What is the biggest challenge you faced during your assessment of the Impact Based Warning system?
The amount of travel might have been the biggest challenge, although it was interesting, too. I was the team member who went to almost all of the NWS offices. I went to four different NWS offices in just over four weeks (my connecting flight was canceled on the way to the fifth office). I was always worried about whether or not I had enough copies, pencils, batteries, and recording space on the digital recorder.
What was your favorite part of the Impact Based Warning system assessment?
My favorite part of the assessment was listening to the stories that emergency managers, broadcast meteorologists, and weather forecasters had about their experiences. There were stories in every NWS coverage area about some big event that helped shape their outlooks, like the big tornado, the rogue spotter, or the community that sets off its siren just because someone called 911.
What part of your job did you least expect to be doing?
I was prepared for what I would be doing for the IBW assessment. My dissertation research entailed a lot of interviews, asking questions, and travel. Transcripts, coding, and data entry are all things that I would normally do in a research project.
What drove you to be a social scientist?
I was a physical geography and environmental science undergraduate student, and always wondered why people did not understand why people did not think it was important to protect the environment. After working in planning, civil rights, and advocacy, I began to realize that it is society’s complicated relationships – between individuals, organizations, policies, and institutions – that influence our behavior towards each other and the environment. As a geographer, I study the factors that influence stakeholder and public participation in particular places.
Why do you think it is important to have social scientists at Sea Grant?
It’s important to have social scientists at Sea Grant because social scientists study the knowledge, beliefs, values, motivations, experiences, and actions of individuals and groups, which can inform policy, environmental research, and educational programs. In policy analysis or program evaluation, social science can help identify what is working, what is not working, and more importantly, why.
For example, in the IBW project, we were able to find that one of the stakeholder groups was clearly less satisfied than the others. The dissatisfaction was a pattern in both the focus group data and surveys.

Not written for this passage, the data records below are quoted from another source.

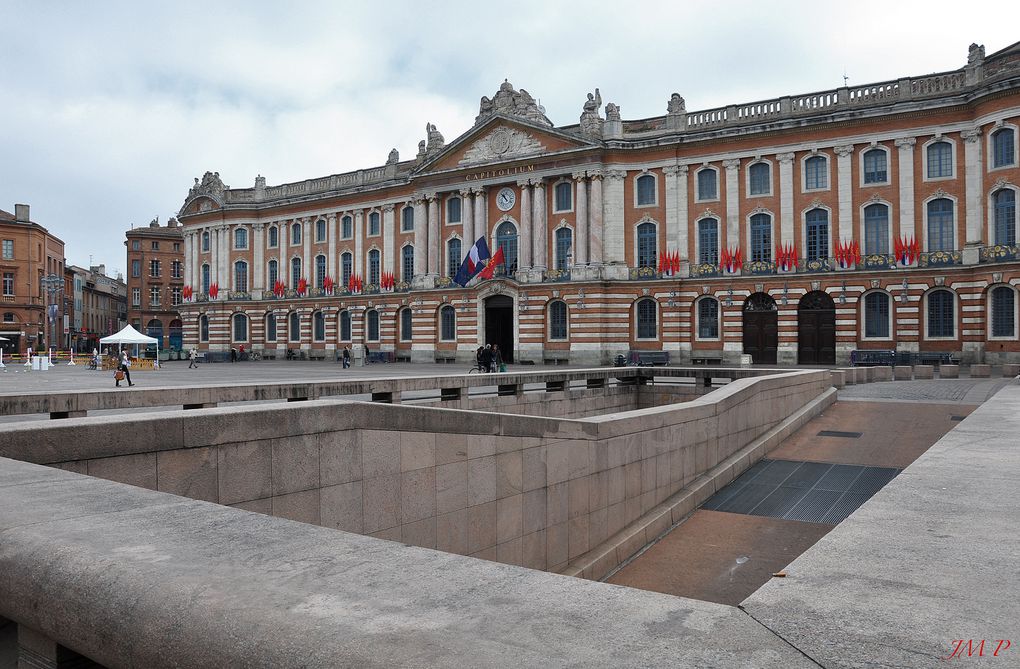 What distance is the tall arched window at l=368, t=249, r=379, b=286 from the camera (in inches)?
2301

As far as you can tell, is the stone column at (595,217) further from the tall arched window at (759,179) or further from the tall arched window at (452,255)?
the tall arched window at (452,255)

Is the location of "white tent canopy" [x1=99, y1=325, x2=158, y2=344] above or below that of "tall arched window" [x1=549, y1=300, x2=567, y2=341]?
below

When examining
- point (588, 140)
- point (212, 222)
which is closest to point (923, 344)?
point (588, 140)

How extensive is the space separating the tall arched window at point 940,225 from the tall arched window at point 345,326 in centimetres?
4027

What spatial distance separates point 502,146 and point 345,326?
20327 millimetres

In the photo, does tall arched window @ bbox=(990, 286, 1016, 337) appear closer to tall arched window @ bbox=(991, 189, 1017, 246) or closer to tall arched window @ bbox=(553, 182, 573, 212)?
tall arched window @ bbox=(991, 189, 1017, 246)

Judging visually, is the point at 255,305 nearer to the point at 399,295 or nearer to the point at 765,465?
the point at 399,295

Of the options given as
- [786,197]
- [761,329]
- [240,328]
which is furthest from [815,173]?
[240,328]

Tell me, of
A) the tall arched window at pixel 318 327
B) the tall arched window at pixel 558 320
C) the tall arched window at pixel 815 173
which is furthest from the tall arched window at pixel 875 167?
the tall arched window at pixel 318 327

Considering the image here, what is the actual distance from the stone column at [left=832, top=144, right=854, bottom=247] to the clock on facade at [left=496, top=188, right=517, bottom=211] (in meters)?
19.5

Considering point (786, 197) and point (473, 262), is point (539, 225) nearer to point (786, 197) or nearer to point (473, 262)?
point (473, 262)

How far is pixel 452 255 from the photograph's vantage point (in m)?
52.8

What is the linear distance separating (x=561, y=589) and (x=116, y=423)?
207 inches

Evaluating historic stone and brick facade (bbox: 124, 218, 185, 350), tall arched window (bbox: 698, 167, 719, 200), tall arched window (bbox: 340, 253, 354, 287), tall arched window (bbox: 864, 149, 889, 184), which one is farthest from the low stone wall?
historic stone and brick facade (bbox: 124, 218, 185, 350) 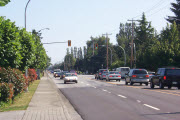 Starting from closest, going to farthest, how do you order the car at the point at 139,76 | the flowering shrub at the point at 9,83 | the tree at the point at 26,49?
the flowering shrub at the point at 9,83 < the tree at the point at 26,49 < the car at the point at 139,76

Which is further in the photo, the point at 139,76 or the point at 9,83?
the point at 139,76

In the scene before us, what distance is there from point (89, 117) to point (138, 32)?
10363 cm

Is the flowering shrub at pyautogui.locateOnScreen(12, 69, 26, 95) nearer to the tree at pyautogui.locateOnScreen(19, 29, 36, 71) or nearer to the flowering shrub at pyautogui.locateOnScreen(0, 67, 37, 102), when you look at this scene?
the flowering shrub at pyautogui.locateOnScreen(0, 67, 37, 102)

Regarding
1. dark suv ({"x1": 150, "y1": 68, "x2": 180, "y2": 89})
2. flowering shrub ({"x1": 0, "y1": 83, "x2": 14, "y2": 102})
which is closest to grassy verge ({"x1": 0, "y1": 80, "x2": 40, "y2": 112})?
flowering shrub ({"x1": 0, "y1": 83, "x2": 14, "y2": 102})

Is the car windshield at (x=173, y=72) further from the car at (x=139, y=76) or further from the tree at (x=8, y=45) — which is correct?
the tree at (x=8, y=45)

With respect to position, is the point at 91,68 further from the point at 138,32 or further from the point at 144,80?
the point at 144,80

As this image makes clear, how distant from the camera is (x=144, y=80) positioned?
3622cm

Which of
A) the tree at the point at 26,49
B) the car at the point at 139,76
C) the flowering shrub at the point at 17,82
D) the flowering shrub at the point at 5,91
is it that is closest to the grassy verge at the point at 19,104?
the flowering shrub at the point at 5,91

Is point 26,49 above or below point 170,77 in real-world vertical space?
above

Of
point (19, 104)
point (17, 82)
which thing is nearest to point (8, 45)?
point (17, 82)

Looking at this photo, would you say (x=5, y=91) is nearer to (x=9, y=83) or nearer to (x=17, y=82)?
(x=9, y=83)

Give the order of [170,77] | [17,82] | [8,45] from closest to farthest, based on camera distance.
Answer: [17,82]
[8,45]
[170,77]

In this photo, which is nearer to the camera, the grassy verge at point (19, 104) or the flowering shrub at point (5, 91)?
the grassy verge at point (19, 104)

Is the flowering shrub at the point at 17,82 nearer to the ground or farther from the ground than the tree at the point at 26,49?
nearer to the ground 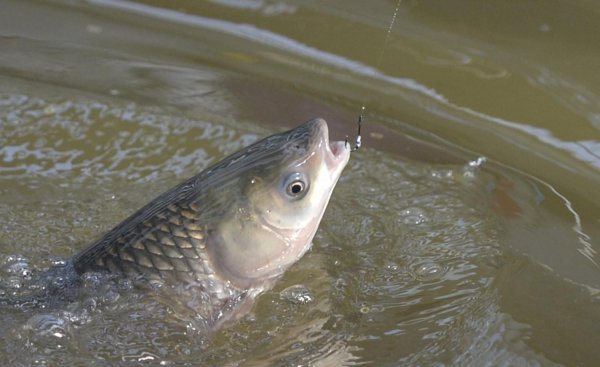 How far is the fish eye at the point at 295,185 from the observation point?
9.16ft

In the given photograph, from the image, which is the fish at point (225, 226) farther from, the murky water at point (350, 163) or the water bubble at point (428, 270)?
the water bubble at point (428, 270)

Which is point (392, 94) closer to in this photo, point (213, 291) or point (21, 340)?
point (213, 291)

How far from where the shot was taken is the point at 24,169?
373 centimetres

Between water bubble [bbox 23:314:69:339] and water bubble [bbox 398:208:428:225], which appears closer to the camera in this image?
water bubble [bbox 23:314:69:339]

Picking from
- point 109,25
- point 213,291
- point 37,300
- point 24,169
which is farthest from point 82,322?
point 109,25

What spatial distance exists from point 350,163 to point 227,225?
111 cm

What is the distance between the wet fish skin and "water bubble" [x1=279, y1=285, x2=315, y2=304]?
0.25 metres

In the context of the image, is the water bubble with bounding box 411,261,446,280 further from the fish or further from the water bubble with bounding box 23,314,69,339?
the water bubble with bounding box 23,314,69,339

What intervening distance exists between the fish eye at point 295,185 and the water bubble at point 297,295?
0.40 metres

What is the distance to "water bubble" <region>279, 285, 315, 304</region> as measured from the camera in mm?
3103

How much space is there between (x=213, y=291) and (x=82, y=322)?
34 centimetres

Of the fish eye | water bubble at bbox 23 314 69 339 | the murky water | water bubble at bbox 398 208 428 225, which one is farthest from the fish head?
water bubble at bbox 398 208 428 225

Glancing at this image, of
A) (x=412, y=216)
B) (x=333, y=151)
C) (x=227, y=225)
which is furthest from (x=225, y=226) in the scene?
(x=412, y=216)

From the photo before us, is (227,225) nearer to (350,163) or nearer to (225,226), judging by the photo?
(225,226) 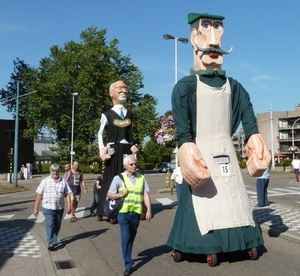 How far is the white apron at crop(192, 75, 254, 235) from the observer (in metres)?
6.83

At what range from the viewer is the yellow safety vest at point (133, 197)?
6.61m

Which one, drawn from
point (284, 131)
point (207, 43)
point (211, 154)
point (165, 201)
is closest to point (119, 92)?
point (207, 43)

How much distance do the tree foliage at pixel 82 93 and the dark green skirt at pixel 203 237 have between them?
38.6 m

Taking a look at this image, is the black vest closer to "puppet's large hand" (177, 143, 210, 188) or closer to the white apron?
the white apron

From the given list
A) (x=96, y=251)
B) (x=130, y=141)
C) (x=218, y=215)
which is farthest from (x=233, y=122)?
(x=130, y=141)

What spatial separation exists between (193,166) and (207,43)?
A: 2.13m

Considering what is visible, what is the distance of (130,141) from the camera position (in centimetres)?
1136

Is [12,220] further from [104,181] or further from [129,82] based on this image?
[129,82]

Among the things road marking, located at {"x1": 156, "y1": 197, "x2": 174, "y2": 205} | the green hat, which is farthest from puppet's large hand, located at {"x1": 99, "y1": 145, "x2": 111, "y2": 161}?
road marking, located at {"x1": 156, "y1": 197, "x2": 174, "y2": 205}

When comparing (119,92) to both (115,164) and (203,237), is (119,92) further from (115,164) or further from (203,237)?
(203,237)

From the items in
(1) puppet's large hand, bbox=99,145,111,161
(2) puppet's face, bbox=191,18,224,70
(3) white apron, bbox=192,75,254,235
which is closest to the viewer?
(3) white apron, bbox=192,75,254,235

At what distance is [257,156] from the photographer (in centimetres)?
701

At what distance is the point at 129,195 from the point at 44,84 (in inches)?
1681

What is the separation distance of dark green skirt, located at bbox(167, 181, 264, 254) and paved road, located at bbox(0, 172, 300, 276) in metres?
0.29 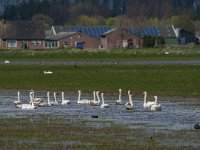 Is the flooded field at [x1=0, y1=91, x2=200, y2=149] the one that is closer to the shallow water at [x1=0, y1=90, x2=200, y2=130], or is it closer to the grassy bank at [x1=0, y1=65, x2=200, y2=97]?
the shallow water at [x1=0, y1=90, x2=200, y2=130]

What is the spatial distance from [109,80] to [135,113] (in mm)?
21324

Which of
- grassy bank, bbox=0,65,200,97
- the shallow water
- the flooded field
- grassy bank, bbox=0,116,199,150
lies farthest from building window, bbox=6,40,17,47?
grassy bank, bbox=0,116,199,150

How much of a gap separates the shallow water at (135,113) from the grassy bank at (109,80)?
579 centimetres

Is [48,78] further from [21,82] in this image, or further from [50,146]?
[50,146]

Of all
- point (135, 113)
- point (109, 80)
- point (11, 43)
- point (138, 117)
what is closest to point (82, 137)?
point (138, 117)

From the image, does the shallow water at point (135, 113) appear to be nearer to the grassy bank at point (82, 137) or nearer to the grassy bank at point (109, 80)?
the grassy bank at point (82, 137)

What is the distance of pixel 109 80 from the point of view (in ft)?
192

In the end, we were able to identify the cause of dissatisfaction, and make recommendations to the NWS based on the comments and suggestions from that stakeholder group.
How did you get involved with Sea Grant? Did you apply for graduate student funding directly or through your adviser?
I applied for Sea Grant funding directly. I’d met Jane Harrison while developing a proposal for another project. We discovered we had similar research interests and community connections. She sent me a copy of the job description for a research assistant position to work on the project. Because I love weather, have done a lot of reading about natural hazards, and do qualitative research, I decided to apply.
How is being funded by Sea Grant different than other funding sources? Are there any additional benefits or requirements?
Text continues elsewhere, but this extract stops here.